Everspin's 1.5 million IOP SSD: Their secret is MRAM

It's twice as fast as today's high-end NVMe/PCIe SSDs, and Everspin is just getting started. They're using persistent Magnetic RAM which has the durability - and almost the speed - of DRAM. Here's what you need to know.
Written by Robin Harris on

Everspin has shipped over 60 million MRAM chips in the last eight years. So why haven't you heard of them?

MRAM is a different type of nonvolatile memory, with unlimited durability, good speed - 35nsec reads and writes - 20+ years of data durability, lower power consumption than flash, byte addressability, and the ability to endure extreme temperatures. It also costs much more than flash. As such it has found a ready market in embedded systems where reliability and ruggedness are paramount, like automotive, military and industrial applications.

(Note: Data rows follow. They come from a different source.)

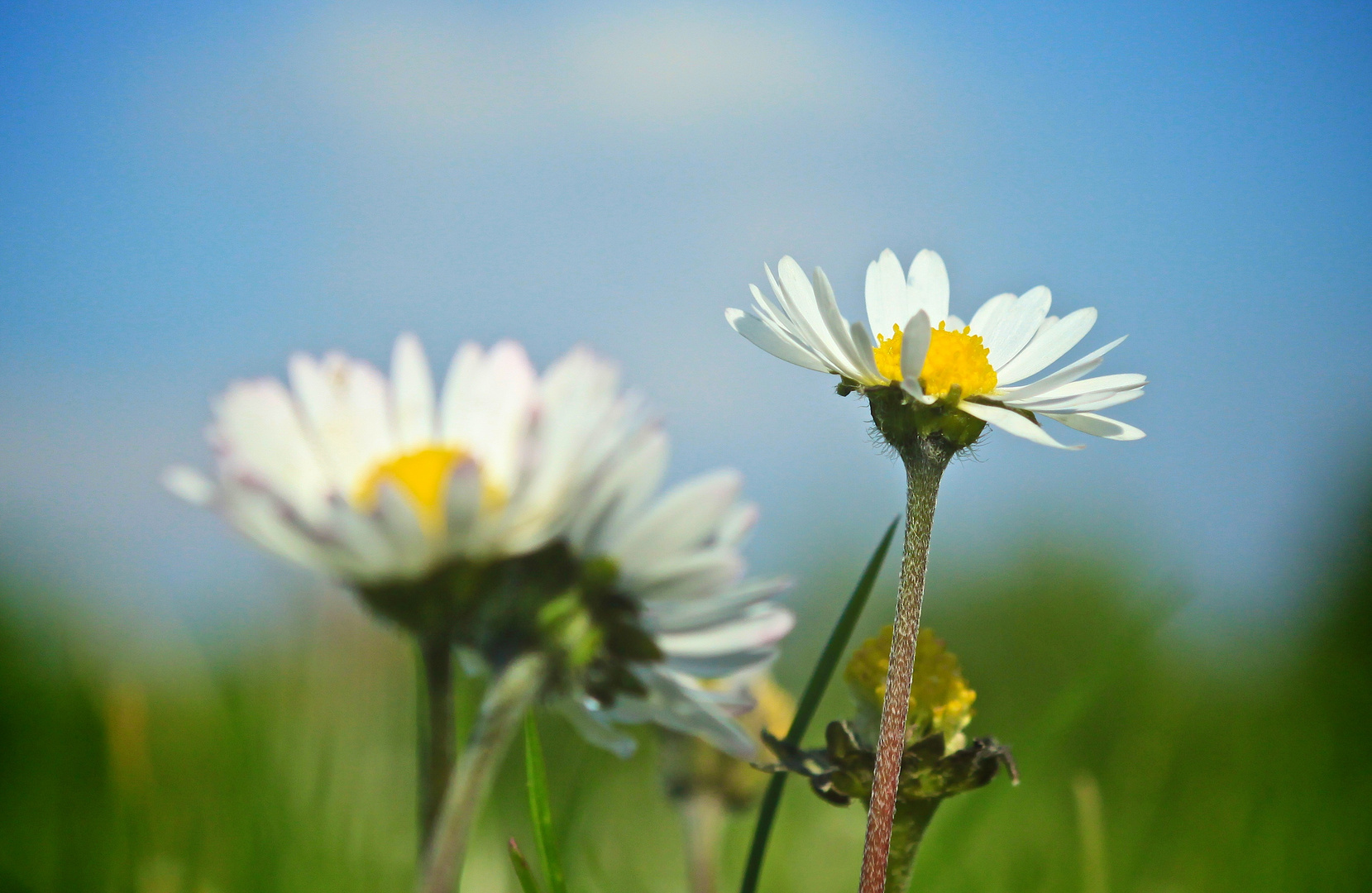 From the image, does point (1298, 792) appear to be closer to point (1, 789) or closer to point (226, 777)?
point (226, 777)

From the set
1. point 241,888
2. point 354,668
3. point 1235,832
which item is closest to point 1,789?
point 354,668

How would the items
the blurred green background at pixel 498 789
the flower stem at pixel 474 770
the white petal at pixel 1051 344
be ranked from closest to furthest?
1. the flower stem at pixel 474 770
2. the white petal at pixel 1051 344
3. the blurred green background at pixel 498 789

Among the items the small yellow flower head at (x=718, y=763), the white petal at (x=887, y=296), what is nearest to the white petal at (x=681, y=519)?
the white petal at (x=887, y=296)

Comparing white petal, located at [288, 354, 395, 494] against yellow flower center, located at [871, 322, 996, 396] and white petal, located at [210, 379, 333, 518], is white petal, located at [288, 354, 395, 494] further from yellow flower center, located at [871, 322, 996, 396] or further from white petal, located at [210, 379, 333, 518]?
yellow flower center, located at [871, 322, 996, 396]

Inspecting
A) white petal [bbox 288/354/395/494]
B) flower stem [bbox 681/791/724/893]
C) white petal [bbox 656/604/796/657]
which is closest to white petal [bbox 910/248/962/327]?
white petal [bbox 656/604/796/657]

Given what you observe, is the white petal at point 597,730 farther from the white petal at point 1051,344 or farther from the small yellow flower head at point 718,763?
the small yellow flower head at point 718,763

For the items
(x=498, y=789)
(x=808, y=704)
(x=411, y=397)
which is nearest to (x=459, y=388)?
(x=411, y=397)
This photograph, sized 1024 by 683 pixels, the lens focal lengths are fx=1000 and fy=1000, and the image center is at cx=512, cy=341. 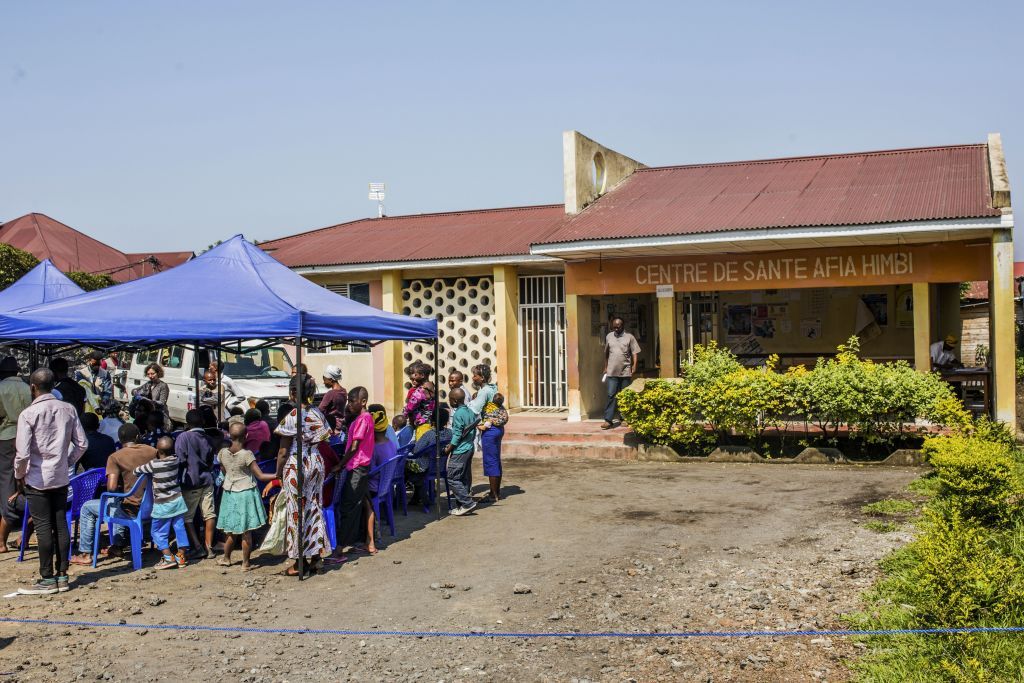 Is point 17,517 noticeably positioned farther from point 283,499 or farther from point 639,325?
point 639,325

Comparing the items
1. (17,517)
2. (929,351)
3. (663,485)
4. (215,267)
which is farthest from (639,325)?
(17,517)

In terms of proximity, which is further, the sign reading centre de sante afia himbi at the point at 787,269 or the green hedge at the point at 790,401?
the sign reading centre de sante afia himbi at the point at 787,269

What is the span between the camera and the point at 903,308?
61.8ft

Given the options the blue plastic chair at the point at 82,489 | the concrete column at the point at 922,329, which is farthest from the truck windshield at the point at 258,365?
the concrete column at the point at 922,329

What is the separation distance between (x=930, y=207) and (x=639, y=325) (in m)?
6.77

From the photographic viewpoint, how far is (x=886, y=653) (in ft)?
18.1

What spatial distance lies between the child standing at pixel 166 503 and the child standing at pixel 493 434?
3.18m

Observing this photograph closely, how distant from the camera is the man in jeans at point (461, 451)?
32.4 feet

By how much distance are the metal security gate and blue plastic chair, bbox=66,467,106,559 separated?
10.3 meters

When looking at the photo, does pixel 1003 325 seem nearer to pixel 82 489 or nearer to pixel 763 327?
pixel 763 327

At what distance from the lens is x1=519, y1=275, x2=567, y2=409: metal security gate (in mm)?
18031

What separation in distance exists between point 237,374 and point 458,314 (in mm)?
4145

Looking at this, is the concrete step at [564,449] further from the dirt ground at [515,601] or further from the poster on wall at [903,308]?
the poster on wall at [903,308]

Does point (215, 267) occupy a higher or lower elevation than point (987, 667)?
higher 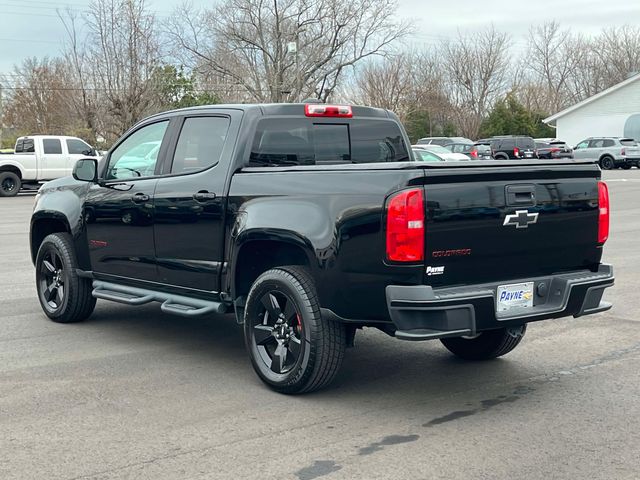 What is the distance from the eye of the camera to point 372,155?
22.8 ft

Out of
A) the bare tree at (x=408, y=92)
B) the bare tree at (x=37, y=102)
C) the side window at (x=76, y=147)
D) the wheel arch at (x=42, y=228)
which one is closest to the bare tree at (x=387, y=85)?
the bare tree at (x=408, y=92)

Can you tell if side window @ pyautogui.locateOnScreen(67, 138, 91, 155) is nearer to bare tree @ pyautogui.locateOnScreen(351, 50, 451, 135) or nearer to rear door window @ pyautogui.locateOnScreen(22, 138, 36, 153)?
rear door window @ pyautogui.locateOnScreen(22, 138, 36, 153)

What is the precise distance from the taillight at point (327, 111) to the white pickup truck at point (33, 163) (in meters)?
22.9

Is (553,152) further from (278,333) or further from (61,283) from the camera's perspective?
(278,333)

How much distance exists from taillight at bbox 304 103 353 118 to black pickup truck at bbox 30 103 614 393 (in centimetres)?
2

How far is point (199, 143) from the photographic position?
6629 mm

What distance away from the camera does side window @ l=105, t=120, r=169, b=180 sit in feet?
23.1

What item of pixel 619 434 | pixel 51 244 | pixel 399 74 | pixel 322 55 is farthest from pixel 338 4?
pixel 619 434

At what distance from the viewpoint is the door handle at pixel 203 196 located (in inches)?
244

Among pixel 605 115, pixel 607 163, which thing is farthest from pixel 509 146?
pixel 605 115

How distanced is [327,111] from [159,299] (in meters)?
1.96

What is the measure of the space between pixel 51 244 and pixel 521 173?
4562mm

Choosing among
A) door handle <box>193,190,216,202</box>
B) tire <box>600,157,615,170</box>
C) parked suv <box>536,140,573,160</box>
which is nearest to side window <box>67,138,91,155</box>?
parked suv <box>536,140,573,160</box>

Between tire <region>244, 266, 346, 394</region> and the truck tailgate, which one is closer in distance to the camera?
the truck tailgate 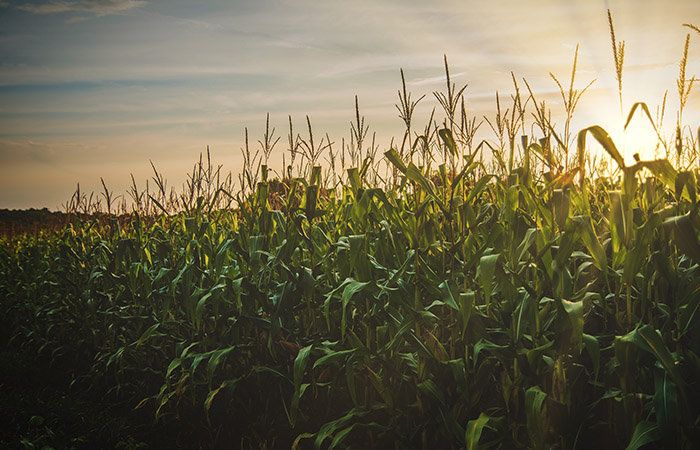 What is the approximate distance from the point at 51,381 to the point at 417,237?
4211 mm

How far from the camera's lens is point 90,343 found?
4.89 metres

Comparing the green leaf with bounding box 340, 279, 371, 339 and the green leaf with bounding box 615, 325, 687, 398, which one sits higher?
the green leaf with bounding box 340, 279, 371, 339

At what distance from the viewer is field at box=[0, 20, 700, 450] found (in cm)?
187

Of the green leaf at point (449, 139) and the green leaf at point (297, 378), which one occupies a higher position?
the green leaf at point (449, 139)

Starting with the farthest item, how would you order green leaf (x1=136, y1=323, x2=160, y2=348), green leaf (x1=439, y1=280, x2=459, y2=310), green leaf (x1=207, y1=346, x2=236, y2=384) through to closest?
green leaf (x1=136, y1=323, x2=160, y2=348)
green leaf (x1=207, y1=346, x2=236, y2=384)
green leaf (x1=439, y1=280, x2=459, y2=310)

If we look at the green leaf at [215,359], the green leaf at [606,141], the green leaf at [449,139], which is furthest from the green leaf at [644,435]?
the green leaf at [215,359]

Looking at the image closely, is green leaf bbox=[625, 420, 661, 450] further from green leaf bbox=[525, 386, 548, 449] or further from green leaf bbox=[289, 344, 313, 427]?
green leaf bbox=[289, 344, 313, 427]

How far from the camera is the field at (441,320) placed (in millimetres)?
1873

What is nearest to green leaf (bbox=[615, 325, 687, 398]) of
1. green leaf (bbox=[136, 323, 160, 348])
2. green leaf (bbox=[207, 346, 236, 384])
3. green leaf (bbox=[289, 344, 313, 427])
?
green leaf (bbox=[289, 344, 313, 427])

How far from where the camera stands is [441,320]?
7.50ft

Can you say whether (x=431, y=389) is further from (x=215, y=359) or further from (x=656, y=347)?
(x=215, y=359)

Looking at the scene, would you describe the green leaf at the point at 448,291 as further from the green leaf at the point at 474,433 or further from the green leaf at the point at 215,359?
the green leaf at the point at 215,359

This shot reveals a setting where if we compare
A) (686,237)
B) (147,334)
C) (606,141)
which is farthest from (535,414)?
(147,334)

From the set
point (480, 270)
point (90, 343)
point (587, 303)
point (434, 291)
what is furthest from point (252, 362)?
point (90, 343) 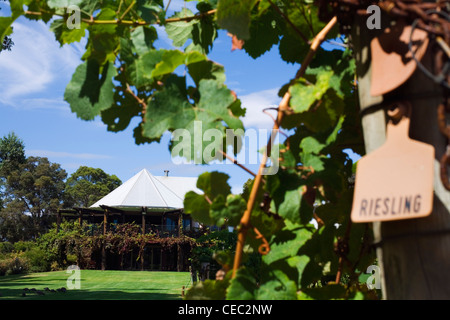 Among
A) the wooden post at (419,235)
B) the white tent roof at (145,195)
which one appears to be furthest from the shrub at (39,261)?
the wooden post at (419,235)

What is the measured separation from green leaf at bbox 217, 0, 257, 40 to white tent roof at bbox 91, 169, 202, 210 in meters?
34.1

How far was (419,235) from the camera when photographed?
0.77 metres

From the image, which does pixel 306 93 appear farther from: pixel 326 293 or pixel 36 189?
pixel 36 189

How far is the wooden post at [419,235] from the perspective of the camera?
0.76m

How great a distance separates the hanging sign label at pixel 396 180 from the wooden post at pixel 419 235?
4cm

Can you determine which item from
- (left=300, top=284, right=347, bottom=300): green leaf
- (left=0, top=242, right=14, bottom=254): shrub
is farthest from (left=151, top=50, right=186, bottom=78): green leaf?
(left=0, top=242, right=14, bottom=254): shrub

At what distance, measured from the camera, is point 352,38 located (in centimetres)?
97

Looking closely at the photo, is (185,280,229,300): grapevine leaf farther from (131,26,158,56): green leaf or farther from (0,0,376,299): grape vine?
(131,26,158,56): green leaf

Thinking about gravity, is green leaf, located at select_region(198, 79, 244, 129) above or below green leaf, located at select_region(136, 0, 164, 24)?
below

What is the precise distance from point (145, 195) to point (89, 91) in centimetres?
3585

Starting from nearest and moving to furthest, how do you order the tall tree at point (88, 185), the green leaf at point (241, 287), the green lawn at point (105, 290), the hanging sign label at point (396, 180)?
the hanging sign label at point (396, 180) → the green leaf at point (241, 287) → the green lawn at point (105, 290) → the tall tree at point (88, 185)

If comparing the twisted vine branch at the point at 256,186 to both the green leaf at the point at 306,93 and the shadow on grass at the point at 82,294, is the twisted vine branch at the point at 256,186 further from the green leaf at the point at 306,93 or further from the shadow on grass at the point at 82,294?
the shadow on grass at the point at 82,294

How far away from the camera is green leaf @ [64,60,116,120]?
1060 mm

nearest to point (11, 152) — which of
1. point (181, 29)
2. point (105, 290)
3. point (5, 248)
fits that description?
point (5, 248) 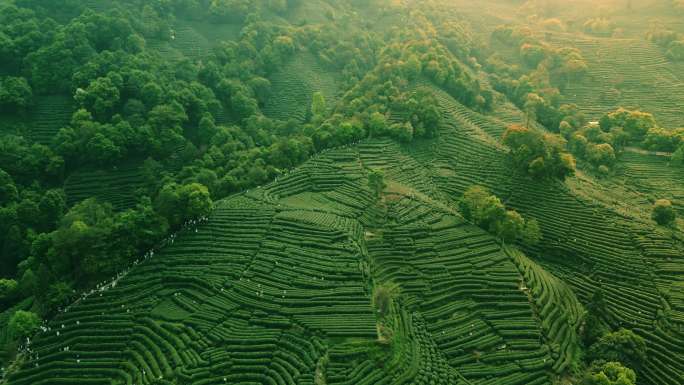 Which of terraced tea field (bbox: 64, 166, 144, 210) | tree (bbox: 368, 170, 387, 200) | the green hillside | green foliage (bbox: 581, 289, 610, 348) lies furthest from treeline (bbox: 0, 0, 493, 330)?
green foliage (bbox: 581, 289, 610, 348)

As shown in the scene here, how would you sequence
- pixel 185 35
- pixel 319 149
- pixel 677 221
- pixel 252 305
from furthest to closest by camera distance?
pixel 185 35, pixel 319 149, pixel 677 221, pixel 252 305

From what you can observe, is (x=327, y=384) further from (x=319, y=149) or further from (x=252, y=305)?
(x=319, y=149)

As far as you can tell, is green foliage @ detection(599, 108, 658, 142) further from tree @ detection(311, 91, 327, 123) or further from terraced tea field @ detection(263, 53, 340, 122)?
terraced tea field @ detection(263, 53, 340, 122)

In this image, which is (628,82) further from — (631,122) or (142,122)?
(142,122)

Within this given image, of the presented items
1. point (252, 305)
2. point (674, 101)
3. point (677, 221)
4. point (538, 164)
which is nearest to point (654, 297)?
point (677, 221)

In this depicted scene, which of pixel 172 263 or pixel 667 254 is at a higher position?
pixel 667 254

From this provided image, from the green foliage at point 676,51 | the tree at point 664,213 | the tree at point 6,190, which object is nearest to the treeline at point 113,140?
the tree at point 6,190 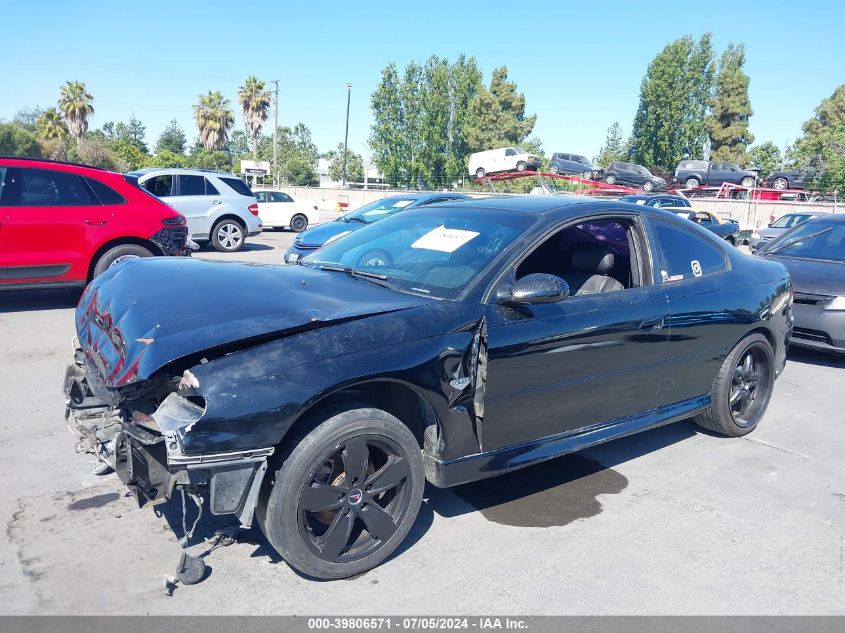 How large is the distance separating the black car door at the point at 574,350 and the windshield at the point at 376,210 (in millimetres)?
7567

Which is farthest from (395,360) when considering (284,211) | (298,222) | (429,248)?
(298,222)

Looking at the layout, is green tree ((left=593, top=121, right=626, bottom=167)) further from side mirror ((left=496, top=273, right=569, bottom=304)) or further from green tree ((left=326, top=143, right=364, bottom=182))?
side mirror ((left=496, top=273, right=569, bottom=304))

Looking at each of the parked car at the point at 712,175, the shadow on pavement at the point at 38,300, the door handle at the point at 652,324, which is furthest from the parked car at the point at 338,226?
the parked car at the point at 712,175

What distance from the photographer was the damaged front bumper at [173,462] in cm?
261

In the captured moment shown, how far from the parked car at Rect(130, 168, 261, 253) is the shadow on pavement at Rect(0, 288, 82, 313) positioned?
5021 mm

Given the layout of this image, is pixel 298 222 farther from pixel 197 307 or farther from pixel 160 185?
pixel 197 307

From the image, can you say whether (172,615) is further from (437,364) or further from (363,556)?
(437,364)

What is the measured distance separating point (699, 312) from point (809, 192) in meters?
41.6

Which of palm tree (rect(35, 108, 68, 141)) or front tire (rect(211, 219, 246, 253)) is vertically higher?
palm tree (rect(35, 108, 68, 141))

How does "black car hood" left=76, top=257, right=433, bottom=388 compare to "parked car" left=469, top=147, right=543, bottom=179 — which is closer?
"black car hood" left=76, top=257, right=433, bottom=388

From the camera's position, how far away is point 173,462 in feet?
8.48

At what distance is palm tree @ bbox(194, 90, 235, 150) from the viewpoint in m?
59.8

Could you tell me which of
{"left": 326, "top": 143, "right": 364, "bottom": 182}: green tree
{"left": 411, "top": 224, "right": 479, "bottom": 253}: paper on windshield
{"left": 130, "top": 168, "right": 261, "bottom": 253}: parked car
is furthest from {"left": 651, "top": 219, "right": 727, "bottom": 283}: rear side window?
{"left": 326, "top": 143, "right": 364, "bottom": 182}: green tree

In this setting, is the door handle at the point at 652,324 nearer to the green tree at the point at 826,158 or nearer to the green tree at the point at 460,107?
the green tree at the point at 826,158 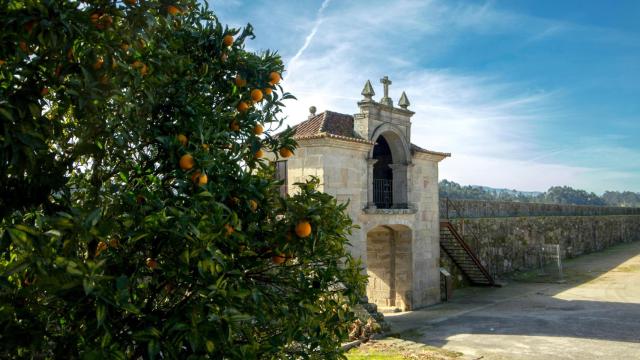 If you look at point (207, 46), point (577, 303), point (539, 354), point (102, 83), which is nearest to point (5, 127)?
point (102, 83)

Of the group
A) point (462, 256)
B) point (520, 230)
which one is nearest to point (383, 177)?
point (462, 256)

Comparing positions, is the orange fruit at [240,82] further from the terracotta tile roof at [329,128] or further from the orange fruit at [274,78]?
the terracotta tile roof at [329,128]

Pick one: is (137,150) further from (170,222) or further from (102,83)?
(170,222)

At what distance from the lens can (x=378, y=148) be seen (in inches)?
808

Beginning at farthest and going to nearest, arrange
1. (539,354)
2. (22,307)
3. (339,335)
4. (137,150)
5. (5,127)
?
(539,354)
(339,335)
(137,150)
(22,307)
(5,127)

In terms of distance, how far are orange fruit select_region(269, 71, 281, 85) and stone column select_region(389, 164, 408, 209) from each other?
14.6 m

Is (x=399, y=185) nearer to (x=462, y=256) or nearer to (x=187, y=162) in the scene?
(x=462, y=256)

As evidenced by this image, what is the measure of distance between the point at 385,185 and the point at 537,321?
23.1 feet

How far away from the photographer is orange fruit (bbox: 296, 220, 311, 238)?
11.9 ft

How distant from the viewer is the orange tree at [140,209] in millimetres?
2859

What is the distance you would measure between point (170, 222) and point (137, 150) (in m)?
1.11

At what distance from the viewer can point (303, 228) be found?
143 inches

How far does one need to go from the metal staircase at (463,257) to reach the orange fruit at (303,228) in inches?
736

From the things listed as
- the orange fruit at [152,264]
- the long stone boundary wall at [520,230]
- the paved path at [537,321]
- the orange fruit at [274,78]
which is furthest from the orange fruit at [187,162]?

That 1.5 million IOPS number is different too: it consists of 100 percent 4k writes. Writes are much slower for flash SSDs, so most of the vendor numbers for SSDs focus on reads, and often 100 percent reads. Read the fine print on all performance claims.

MRAM progress

Capacity is another issue. Today the largest MRAM chip is 256 Mbit, with 1 Gbit chips coming soon. So those fast SSDs are small, currently 1 and 2 GB, with 4, 8, and 16 GB SSDs coming this year.

Storage systems usually need a small amount of fast, durable and byte addressable storage for applications such as metadata, OLTP commits and logs, memory maps, write buffers, and other crucial but unseen applications. Thus Everspin is billing their fast, small, NVMe/PCIe SSDs as application accelerators.

And where money is no object, such as high frequency trading, people will use them as SSDs directly. Any current designs that use static RAM - SRAM - may also benefit from MRAM. Everspin hasn't priced these SSDs yet, but they won't be cheap.

Global Foundries is currently building MRAM on a 22nm process, so future shrinks will further increase density and reduce costs. Everspin also now has Xilinx FPGA support, a technology that many products use today.

The Storage Bits take

MRAM won't show up in your smartphone - at least in significant capacities - anytime soon. But as part of the larger revolution in nonvolatile storage, it offers capabilities for system designers that mean better performance and reliability for the rest of us.

This weekend I'm off to the 8th annual Non-Volatile Memory Workshop at UC San Diego to see what's happening in the fast-evolving world of nonvolatile storage. CPUs may not be getting much faster, but there's much to be gained from faster and more robust storage.

Courteous comments welcome, of course.